In Mitteleuropa wird Identität in erster Linie durch Geschichte vermittelt. Dabei ist die Botschaft der Geschichte höchst mehrdeutig. Wer sich selbst als Gewinner bezeichnen kann, ist eher von der Zeit als vom Ort abhängig. So erschien in einer Warschauer Zeitung vor 1989 die anonyme Kleinanzeige: "Tausche reiche Geschichte gegen bessere Geografie." In Czernowitz wurde vor wenigen Wochen bei Restaurierungsarbeiten eine Statue der "Austria" wiederentdeckt, die seit 1918 von ihrem Sockel verschwunden war. Sie war offensichtlich damals vergraben worden, um in besseren Zeiten wieder entdeckt zu werden. Nur der Kopf der Statue fehlt...

Die Ironie der Geschichte Mitteleuropas liegt darin, dass die radikalen Projekte des 20. Jahrhunderts, der Nationalismus und der Kommunismus, in diesem Raum reale Verbindungen nachhaltig zerstört haben und dennoch das Gefühl des "parallelen Lebens" in Mitteleuropa nicht verloren gegangen ist.

Öffentlicher Bedarf

Je radikaler die Veränderung der Wirklichkeit ist und je rascher die jeweilige Gegenwart zu ihrer eigenen Vergangenheit wird, desto wichtiger wird die Geschichte als Instrument, um sich zurechtzufinden. Der öffentliche Bedarf an Geschichte zur Verarbeitung radikaler Veränderungen in Mitteleuropa seit 1989 ist offensichtlich. Er enthält aber stets die Gefahr, dass Traditionszusammenhänge und historische Abläufe nur mehr in ihrer Funktion für die Gegenwart gesehen und interpretiert werden. Geschichte wird damit zum beliebigen Argumentationsmaterial für aktuelle Interessen. Diese Situation hat in Mitteleuropa Tradition.

Die Glaubwürdigkeit aller Bemühungen einer um Objektivität bemühten Geschichtsschreibung, leidet darunter, dass in dieser Region die Geschichte schon allzu oft (und nicht erst unter dem Kommunismus) umgeschrieben wurde: Warum sollte man den Historikern diesmal mehr Glauben schenken?

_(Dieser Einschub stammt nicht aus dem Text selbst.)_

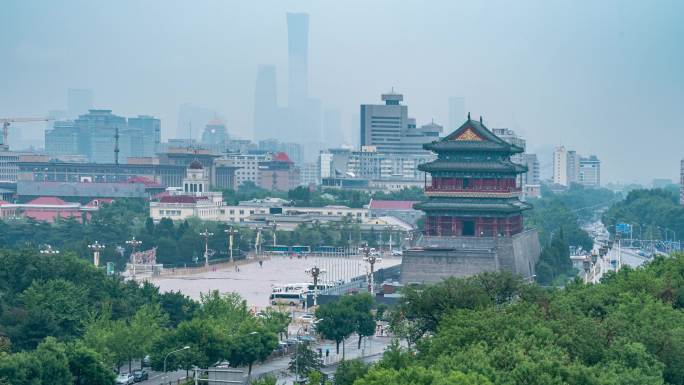中国北京正阳门雨雾天延时风光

Es geht um die Mitverantwortung für das, was geschehen ist. Schuld und ihre Aufarbeitung sind Existenzfragen: Polen etwa kann als Opfer zweier Okkupationen dennoch diese Zeit nicht im Namen einer "wahren" polnischen Kontinuität in Klammern setzen. Ähnlich fragwürdig ist die geläufige Unterscheidung zwischen einer "normalen" ungarischen Geschichte und ihren episodenhaften "Irrwegen". Im Nachkriegsdeutschland gab es für die Hitlerzeit zwei konkurrierende und sich zugleich stützende Strategien der Vergangenheitsbewältigung. Indem sie die "antifaschistische" Tradition für sich reservierte, hat die offizielle DDR-Geschichtsschreibung ihren Staat aus dem gemeinsamen Verantwortungszusammenhang entlassen und ihm zugleich eine Identität stiftende Legitimationsbasis verschafft.

Keine Kontinuität

Grenzverschiebungen als Folge des Zweiten Weltkrieges, Vertreibungen und Umsiedlungen ethnischer Minderheiten, widersprechen jeder These der Kontinuität. Nationale historische Ressentiments werden wieder zu Themen in der politischen Auseinandersetzung. Die Slowaken gründeten ihren eigenen Staat und verlangen von ihren Minderheiten Anpassung. Die Ungarn wiederum betrachten die Lage der ungarischen Minderheiten im Ausland als nationales Anliegen. In Polen wird ebenso wie in Ungarn mit der Frage nach der "jüdischen" Herkunft liberaler Politiker Politik gemacht. Die neuen Staaten schreiben an ihren Nationalgeschichten.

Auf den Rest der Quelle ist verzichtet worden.